Texto do amigo Marcelo Ribeiro:
Esse filme pode ser considerado uma saída para uma criação dramatúrgica mais coesa e menos ingênua se compararmos com as obras anteriores do diretor. É óbvio que deve-se respeitar a realidade histórica e não criar maquinações de mais nas comparações, porém, não acho essa afirmação exagerada. É a analise da realidade histórica passada que faz com que Glauber crie um cinema mais analítico e direto nas imagens.
A narrativa não tende ao discurso revolucionário fechado. Os personagens caminham na primeira divisão (até a morte do cangaceiro) do filme em uma direção supostamente didática, só que depois dessa virada, Antonio das Mortes que pelo discurso e postura demonstra que já vinha pensando sobre seu papel descamba para o messianismo, mas não é o messianismo dos primeiros filmes, heroico. É um messianismo sem lugar, assim como o filme que busca cruzar as mais opostas visões políticas em um realidade histórica que constata que nenhuma delas tem perspectivas reais de mudança. Mais do que isso, a realidade onde os amores foram perdidos é trocados pela erudição de alguns poucos, o mesmo que nada para alguém como Antonio das Mortes que busca o rival e encontra seres despolitizados pela barbárie cotidiana da política.

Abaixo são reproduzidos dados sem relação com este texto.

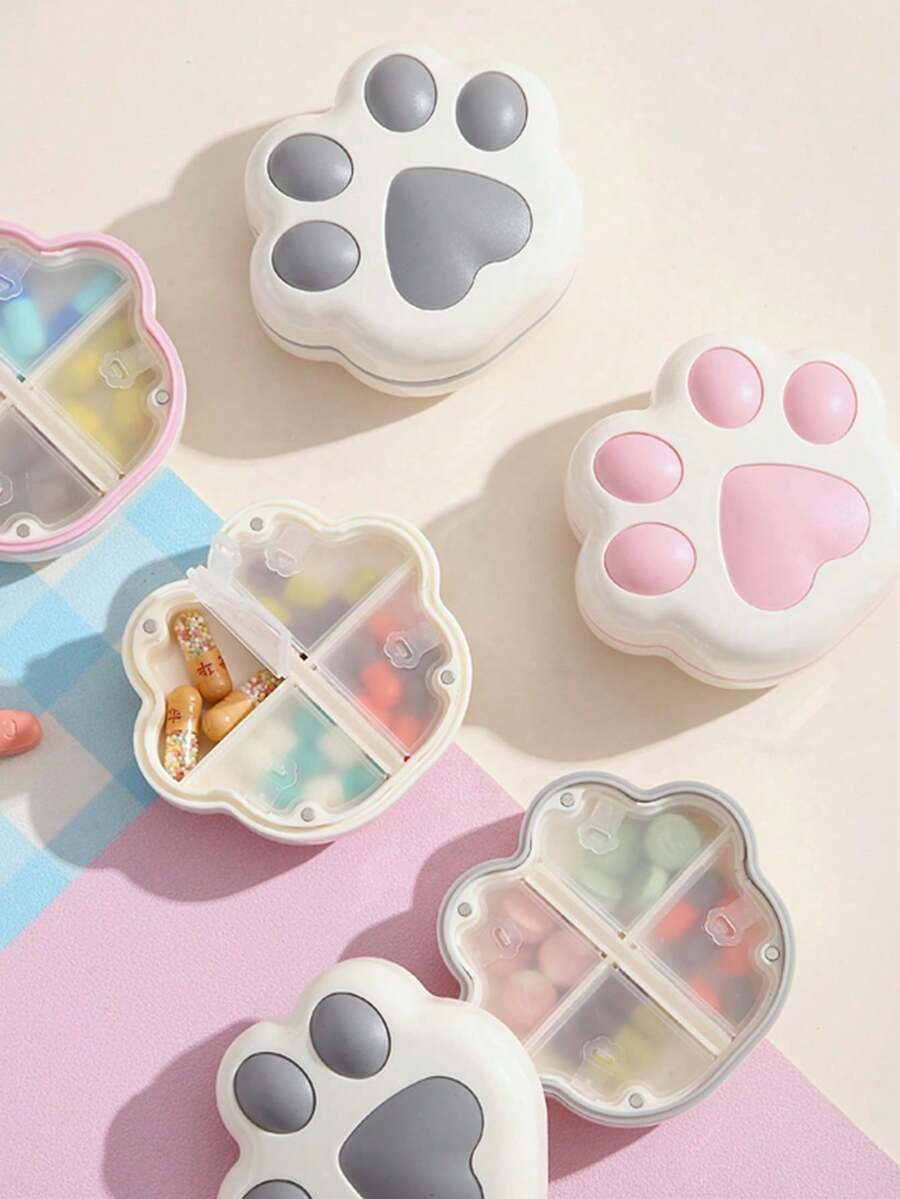Creative Cute Cat Paw Shaped Pill Box, Large Capacity 8-Compartment Portable Pill Box, Rounded Design, Magnetic Closure, Suitable For Storing Vitamin Tablets, Suitable For Daily Outdoor Activities, Daily Use Or Travel. Storage Box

Disso fica claro que nesse filme existe uma tentativa de amenizar alguns estragos ideológicos que envelheceram mal nas outras obras. Contudo, não é um filmes de correções é um filme de revisão, um mecanismo consciente que busca respeitar a memória da visão anterior e ao mesmo tempo evitar o romantismo.
Percebo que Antonio das Mortes realmente sente pena dos beatos, Glauber quis assim. Não terminou a luta como havia pensando, agora tem que lidar com a imagem do messias em si mesmo, incorpora uma mistura de compaixão e remorso. Ao seu lado o professor que não crê que existam lutas igualmente importantes tece uma espécie de discurso sobre o filme, quase um comentador do que acontece na tela.
Glauber se relaciona ativamente com a nova realidade histórica que lhe esperava, soube tecer em o “Dragão da maldade” coisas inimagináveis em seus três primeiros longas. Recoloca ambiguidade aonde o discurso pronto não permitia, por exemplo, na cena onde o coronel e os jagunços vão atrás de Antonio das Mortes, o Coronel diz algo como “se Deus vai ajudar um criminoso, vai me ajudar porque derramei menos sangue do que você”. O que isso quer dizer? É claramente a erupção de um novo tipo de personagem (é possível classificar como antagonista) que ao longo dos filmes da década de setenta e de “Idade da Terra” se desenha como alguém em aberto moralmente; com certeza um agente do poder e praticante de seus benefícios, porém não muito distante eticamente do protagonista. O filme lida com a diferença que separa o Coronel de Antonio das Mortes. Questão central para Glauber depois do 1969: qual o discurso possível para eles depois de tantas semelhanças?O filme não responde. Por situações como essa acredito que Glauber tenha contribuído para um cinema menos óbvio.